In una nota della Croce Rossa Internazionale (International Federation of Red Cross, IFRC) si legge che dai primi rilevamenti sembra che il 90% della città portuale mozambicana di Beira sia stato completamente distrutto dall’acqua, con una scala delle devastazioni definita “enorme”.
Tutto questo succedeva a brevissima distanza da quelle manifestazioni sul clima che hanno concentrato l’attenzione di cittadini, politici e organi d’informazione sull’urgenza di agire per limitare gli effetti peggiori del cambiamento climatico.
Eppure, questa violentissima tempesta tropicale, che secondo l’ONU è stato uno dei disastri ambientali più gravi ad aver colpito l’emisfero meridionale del Pianeta (si parla di circa 2 milioni di persone coinvolte, in un’area geografica già molto vulnerabile in termini di risorse alimentari, assistenza sanitaria eccetera), non ha meritato lo stesso approfondimento che poche ore prima era stato dedicato agli scioperi degli studenti.
Precisiamo subito una cosa: saranno poi scienziati e climatologi a esaminare in dettaglio quanto accaduto in Africa, per capire se e quanto abbia influito il surriscaldamento terrestre sulla “forza” del ciclone Idai.
Da un numero crescente di studi sul clima, però, già sappiamo che la maggiore intensità e frequenza dei singoli eventi estremi (non solo tifoni, ma anche, all’opposto, ondate di calore, siccità e così via) è da attribuire almeno in parte alle trasformazioni climatiche in atto su scala globale.
Trasformazioni che, a loro volta, dipendono dalle attività umane, soprattutto dalla produzione e dall’utilizzo di combustibili fossili; si parla, infatti, di cambiamento climatico antropogenico.
Il punto, quindi, è che l’aumento delle temperature medie aumenta anche la probabilità che si scatenino tempeste perfette, o altri fenomeni meteorologici di vasta portata con relativi impatti sugli ecosistemi e sulle persone che li abitano.
Ecco perché gli eventi estremi erano al centro del dibattito negli scioperi sul clima; il relativo silenzio sulle vicende del Mozambico e dei paesi vicini si può spiegare in vari modi, anche semplicemente richiamando la regola giornalistica secondo cui “valgono” di più (dal punto di vista dell’interesse mediatico) pochi morti nel proprio paese che centinaia di morti in un luogo lontano.
Così è facile che nella gerarchia delle notizie un ciclone nell’Africa australe finisca per essere superato da molti altri argomenti; e poi sappiamo con quanta velocità certi temi siano inclini a scomparire dalle tv e dai giornali.

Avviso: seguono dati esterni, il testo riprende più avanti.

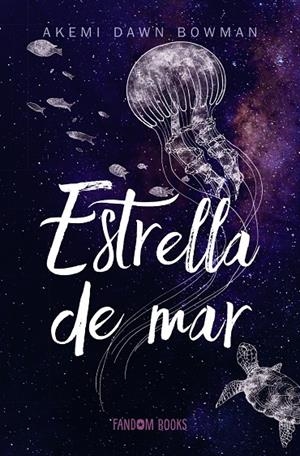 Estrella de mar | 9788418027161 | Dawn Bowman, Akemi | Librería Castillón - Comprar libros online Aragón, Barbastro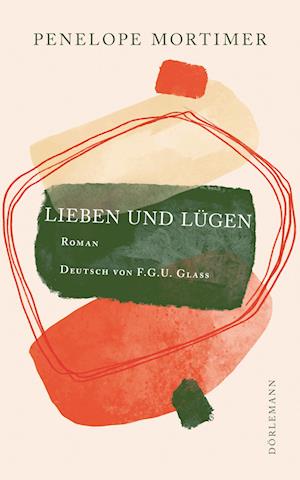 Cover for Penelope Mortimer · Lieben und lügen (Book) (2024)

Il cambiamento climatico non fa eccezione: se ne discute, certo, sempre di più, ma spesso senza quella visione globale che, invece, sarebbe indispensabile per capire realmente la portata delle sfide che ci troviamo davanti.
Sfide che riguardano tutti, e in modo particolare quelle popolazioni più povere e più esposte alla violenza dei cambiamenti climatici: il contributo del Mozambico all’inquinamento atmosferico planetario è una frazione irrisoria, rispetto alle emissioni di gas-serra di paesi come la Cina o gli Stati Uniti.

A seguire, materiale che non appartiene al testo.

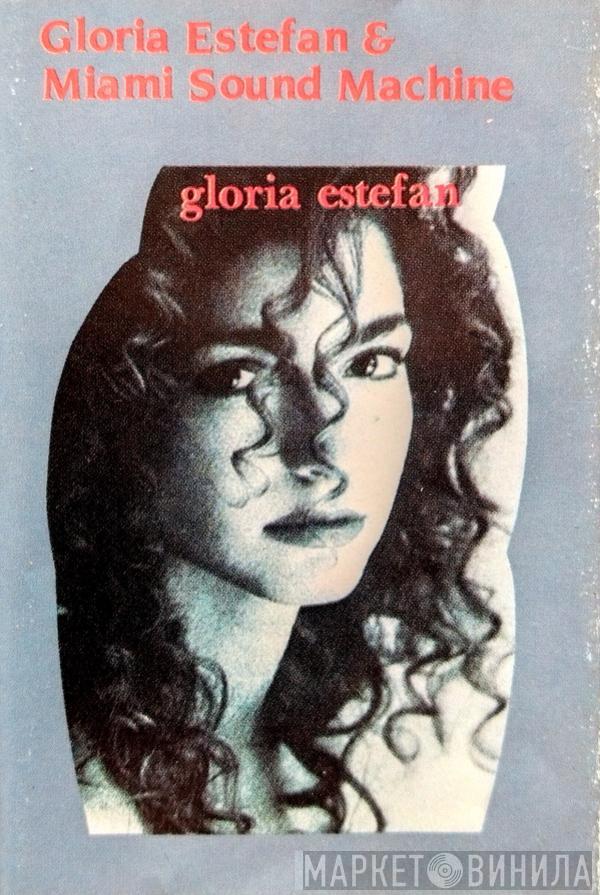 & Gloria Estefan  Miami Sound Machine  - Gloria Estefan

Tuttavia, in molti casi sono le nazioni meno sviluppate e più lontane da noi a essere devastate per prime; questo non significa che gli altri siano al sicuro, casomai il contrario, una ragione più che sufficiente per rimettere in cima all’agenda delle notizie i fatti del Mozambico, con le loro conseguenze e implicazioni.
O i fatti dell’Australia, per fare un altro esempio di un paese distante ma avanzato sotto il profilo economico-industriale: quanti saranno gli italiani a sapere che a gennaio un’ondata di calore eccezionale ha interessato quasi tutto il continente, con temperature sopra 40 gradi centigradi per molti giorni di fila, tanto da essere definita “anomala” per la sua intensità e persistenza dall’ufficio meteo del governo australiano?